The Stack interviews Evelyn De Souza, Compliance and Data Privacy Leader, and Chair at the Cloud Security Alliance Data Governance Workgroup at Cisco Systems. She discusses the importance of industry support in creating effective cloud security policy…
“We tend to see an overreliance on technology controls and often not enough focus on mapping policy to process and technology controls,” says De Souza. “Many businesses don’t realise that privacy can be a good thing for business – when people make informed choices about the data they share, it usually leads to more accurate data for businesses to work with.”
Security is an ever-broadening area in technology, continues De Souza, pointing out that most recent cloud security issues centre around data access and businesses’ dependence on ‘one-size-fits-all’ strategies.
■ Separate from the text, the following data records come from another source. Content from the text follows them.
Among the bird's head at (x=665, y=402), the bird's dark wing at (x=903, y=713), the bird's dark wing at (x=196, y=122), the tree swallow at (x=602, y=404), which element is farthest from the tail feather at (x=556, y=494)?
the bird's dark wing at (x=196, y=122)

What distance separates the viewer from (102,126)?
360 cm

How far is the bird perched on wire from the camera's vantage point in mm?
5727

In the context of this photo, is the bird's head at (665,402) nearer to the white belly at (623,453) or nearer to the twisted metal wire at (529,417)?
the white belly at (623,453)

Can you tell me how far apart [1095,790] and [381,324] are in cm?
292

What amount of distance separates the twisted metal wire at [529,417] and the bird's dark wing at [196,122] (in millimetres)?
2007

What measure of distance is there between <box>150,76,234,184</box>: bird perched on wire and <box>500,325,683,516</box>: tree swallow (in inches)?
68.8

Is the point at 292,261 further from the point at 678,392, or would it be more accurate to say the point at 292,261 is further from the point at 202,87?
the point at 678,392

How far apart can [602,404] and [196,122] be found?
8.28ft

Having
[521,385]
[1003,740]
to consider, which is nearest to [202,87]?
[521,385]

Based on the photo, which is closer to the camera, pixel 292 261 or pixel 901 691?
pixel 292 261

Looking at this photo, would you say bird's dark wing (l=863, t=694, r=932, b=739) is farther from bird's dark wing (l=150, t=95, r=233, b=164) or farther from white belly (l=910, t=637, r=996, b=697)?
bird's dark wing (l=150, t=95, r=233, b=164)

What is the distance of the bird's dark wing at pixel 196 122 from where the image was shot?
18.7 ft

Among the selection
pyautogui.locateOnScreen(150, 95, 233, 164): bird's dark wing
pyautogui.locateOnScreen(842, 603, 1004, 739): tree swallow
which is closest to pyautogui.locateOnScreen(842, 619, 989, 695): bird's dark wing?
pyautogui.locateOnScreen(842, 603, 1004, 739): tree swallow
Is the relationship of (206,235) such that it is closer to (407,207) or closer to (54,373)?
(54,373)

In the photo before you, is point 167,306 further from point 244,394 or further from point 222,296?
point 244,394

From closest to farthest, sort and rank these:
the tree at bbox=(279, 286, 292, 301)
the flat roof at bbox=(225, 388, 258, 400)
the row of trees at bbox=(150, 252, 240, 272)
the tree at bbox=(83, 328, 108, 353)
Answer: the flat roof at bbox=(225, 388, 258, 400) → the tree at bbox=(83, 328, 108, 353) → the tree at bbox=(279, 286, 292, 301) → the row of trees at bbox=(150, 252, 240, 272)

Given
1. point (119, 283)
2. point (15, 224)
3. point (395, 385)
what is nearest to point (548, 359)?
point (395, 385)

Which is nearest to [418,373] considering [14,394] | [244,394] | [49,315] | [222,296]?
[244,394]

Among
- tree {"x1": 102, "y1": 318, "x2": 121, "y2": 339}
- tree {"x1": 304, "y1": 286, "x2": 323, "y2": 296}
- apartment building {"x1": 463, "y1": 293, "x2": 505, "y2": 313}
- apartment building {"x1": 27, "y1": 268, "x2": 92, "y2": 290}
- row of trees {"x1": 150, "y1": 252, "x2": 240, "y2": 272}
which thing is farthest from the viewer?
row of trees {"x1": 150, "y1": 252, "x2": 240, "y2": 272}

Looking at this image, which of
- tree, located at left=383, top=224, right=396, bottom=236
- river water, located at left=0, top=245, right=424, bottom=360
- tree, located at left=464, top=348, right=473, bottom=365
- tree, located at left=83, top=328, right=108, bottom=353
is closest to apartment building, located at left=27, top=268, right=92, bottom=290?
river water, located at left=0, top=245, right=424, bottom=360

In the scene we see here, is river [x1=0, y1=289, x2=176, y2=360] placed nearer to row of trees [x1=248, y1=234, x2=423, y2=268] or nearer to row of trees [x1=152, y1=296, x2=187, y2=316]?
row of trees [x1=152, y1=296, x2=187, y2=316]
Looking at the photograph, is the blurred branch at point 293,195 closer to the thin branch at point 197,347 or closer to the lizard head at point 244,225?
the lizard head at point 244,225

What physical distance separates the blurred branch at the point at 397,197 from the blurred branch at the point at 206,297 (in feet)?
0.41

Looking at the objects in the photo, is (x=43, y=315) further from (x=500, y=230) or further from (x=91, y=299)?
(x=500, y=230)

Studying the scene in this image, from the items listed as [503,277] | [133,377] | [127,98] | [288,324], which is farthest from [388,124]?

She believes that industry consortia, such as the Cloud Security Alliance, can support companies with these challenges by providing guidance and standards that are aligned with today’s business usage contexts. “Data protection should be explained in terms of real-world business practices […] it is important to make data protection ‘business consumable.’”
De Souza believes that as cloud consumers companies need to be vigilant and hold cloud providers accountable. Providers should offer strong processes around data access, storage, transactions and administration, such as removing default accounts, she adds.
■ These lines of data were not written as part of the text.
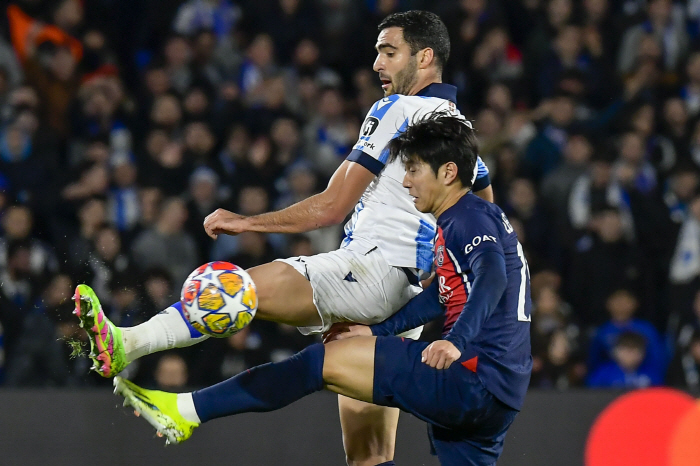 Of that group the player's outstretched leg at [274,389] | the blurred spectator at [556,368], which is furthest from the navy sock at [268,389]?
the blurred spectator at [556,368]

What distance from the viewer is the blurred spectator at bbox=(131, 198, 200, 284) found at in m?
6.14

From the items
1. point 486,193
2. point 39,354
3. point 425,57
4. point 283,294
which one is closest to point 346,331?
point 283,294

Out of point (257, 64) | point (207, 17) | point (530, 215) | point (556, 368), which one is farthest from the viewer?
point (207, 17)

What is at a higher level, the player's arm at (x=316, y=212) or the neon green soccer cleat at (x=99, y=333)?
the player's arm at (x=316, y=212)

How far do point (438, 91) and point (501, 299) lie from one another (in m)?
0.92

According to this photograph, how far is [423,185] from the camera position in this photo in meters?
3.37

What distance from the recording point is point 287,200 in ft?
22.1

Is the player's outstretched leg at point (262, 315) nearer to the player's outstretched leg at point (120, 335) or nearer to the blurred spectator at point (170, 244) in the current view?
the player's outstretched leg at point (120, 335)

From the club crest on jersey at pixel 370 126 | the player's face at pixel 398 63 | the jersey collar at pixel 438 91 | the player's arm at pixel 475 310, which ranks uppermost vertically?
the player's face at pixel 398 63

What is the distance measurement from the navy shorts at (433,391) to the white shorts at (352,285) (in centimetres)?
28

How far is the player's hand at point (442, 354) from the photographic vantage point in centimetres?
294

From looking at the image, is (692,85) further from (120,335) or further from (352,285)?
(120,335)

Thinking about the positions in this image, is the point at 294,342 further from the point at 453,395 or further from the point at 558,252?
the point at 453,395

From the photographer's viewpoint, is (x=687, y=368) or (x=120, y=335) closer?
(x=120, y=335) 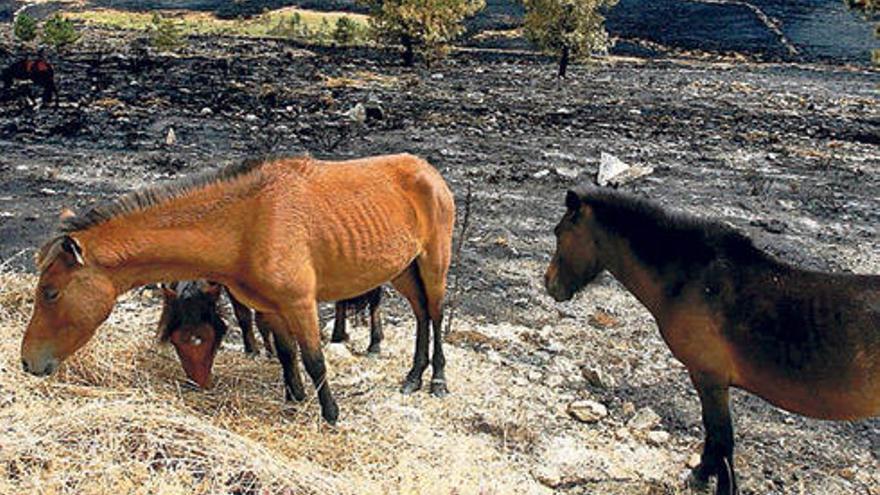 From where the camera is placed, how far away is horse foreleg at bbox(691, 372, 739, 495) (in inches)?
179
Cloud-consuming organisations also need to ensure that the right protection mechanisms are in place for their most critical data assets and transactions. These include user access permissions, appropriate encryption and key management, and monitoring for data infiltration and exfiltration.
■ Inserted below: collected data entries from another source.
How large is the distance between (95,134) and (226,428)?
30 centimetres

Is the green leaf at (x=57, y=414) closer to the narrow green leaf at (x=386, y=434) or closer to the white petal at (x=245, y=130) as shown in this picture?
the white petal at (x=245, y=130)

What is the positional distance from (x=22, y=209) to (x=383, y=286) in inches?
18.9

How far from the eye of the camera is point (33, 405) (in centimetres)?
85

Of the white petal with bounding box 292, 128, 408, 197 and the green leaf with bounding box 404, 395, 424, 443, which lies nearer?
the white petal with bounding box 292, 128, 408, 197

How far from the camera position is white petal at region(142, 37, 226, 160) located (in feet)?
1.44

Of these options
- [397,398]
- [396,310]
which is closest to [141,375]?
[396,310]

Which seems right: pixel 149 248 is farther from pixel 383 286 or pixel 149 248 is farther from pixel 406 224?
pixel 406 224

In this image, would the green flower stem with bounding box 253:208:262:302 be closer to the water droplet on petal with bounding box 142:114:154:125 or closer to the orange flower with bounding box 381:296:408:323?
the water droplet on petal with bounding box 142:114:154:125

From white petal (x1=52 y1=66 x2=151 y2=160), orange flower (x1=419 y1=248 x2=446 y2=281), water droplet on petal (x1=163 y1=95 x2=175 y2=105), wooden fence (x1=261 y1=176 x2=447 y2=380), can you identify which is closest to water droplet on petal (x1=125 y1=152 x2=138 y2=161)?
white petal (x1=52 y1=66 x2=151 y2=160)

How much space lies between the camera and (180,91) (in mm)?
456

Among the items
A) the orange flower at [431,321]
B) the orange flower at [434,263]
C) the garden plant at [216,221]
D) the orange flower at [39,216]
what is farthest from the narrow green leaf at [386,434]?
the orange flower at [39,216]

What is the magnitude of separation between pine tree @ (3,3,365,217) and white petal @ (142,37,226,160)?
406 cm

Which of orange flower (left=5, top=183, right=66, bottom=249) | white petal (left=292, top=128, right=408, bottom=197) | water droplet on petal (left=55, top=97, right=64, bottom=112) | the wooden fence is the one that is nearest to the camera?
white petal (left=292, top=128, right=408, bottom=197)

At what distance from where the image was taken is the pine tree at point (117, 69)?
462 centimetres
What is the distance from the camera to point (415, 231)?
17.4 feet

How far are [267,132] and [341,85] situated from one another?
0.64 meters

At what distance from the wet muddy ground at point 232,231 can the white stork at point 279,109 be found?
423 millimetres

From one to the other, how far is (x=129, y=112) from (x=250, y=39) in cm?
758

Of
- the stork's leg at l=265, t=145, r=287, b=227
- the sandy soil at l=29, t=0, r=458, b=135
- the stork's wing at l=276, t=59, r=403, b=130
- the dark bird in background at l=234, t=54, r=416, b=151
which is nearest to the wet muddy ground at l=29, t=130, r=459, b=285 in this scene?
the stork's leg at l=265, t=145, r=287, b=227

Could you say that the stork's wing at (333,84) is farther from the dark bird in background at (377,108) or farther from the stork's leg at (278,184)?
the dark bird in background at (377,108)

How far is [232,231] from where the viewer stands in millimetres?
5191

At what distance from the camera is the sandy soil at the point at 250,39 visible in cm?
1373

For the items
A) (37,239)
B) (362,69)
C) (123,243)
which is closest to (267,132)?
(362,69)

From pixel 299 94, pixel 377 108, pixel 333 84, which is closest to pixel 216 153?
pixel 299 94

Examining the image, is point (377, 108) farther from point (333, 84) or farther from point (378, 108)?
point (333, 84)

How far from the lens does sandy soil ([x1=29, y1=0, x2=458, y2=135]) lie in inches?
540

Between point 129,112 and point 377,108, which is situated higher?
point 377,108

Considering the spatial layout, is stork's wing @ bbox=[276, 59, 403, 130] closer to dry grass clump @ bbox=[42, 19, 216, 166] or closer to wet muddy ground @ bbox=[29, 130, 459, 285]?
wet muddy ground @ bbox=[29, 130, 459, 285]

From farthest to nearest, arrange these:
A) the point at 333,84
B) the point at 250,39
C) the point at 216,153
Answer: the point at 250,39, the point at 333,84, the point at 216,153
“Cloud-consuming organisations need to work with their cloud providers on determining who is responsible for which controls based on the particular cloud model they are using and the parts of the cloud stack that they control,” advises De Souza.
Referring to characteristics of an effective data protection solution, De Souza outlines 4 categories; Data classification, or digitally classifying and tagging data that is most important to your organisation and requires the most stringent protection. Data ownership, declaring ownership of assets and also entitlement rights as well as user access controls, including password management. Data protection, implementing controls such as encryption, key management, logging and monitoring. And lastly, Data residency – With an increasing number of regulations and standards requiring that certain types of data remain within certain geographic bounds, says De Souza, there is a range of complementing geo-location technologies beyond the actual policies that can help with these requirements.
Governance is also a major consideration, asserts De Souza, and companies must understand the policies and processes that govern how data is created, accessed, transacted and stored.